What to do: Copy out, word for word, the lines from the start of the data below through the line containing "Aramenta dianthe vail", and no others.

Supplied material:
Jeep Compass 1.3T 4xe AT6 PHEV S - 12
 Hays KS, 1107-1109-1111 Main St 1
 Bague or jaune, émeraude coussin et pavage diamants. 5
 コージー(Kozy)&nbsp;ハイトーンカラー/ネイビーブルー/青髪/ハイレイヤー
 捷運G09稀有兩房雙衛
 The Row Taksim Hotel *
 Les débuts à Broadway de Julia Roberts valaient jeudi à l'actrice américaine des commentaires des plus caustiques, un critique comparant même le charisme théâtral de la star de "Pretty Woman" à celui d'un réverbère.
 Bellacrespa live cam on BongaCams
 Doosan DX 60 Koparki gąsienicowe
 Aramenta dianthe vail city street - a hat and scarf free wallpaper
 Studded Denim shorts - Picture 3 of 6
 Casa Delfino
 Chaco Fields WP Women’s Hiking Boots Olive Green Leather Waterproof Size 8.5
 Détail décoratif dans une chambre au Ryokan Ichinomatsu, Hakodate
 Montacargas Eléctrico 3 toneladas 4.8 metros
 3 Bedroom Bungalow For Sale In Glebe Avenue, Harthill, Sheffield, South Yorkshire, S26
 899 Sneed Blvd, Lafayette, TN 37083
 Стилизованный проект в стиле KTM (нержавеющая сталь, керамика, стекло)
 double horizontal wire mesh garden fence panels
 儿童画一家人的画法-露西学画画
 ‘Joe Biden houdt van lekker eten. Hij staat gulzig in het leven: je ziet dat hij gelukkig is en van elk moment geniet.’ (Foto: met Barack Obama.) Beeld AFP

Worked solution:
Jeep Compass 1.3T 4xe AT6 PHEV S - 12
 Hays KS, 1107-1109-1111 Main St 1
 Bague or jaune, émeraude coussin et pavage diamants. 5
 コージー(Kozy)&nbsp;ハイトーンカラー/ネイビーブルー/青髪/ハイレイヤー
 捷運G09稀有兩房雙衛
 The Row Taksim Hotel *
 Les débuts à Broadway de Julia Roberts valaient jeudi à l'actrice américaine des commentaires des plus caustiques, un critique comparant même le charisme théâtral de la star de "Pretty Woman" à celui d'un réverbère.
 Bellacrespa live cam on BongaCams
 Doosan DX 60 Koparki gąsienicowe
 Aramenta dianthe vail city street - a hat and scarf free wallpaper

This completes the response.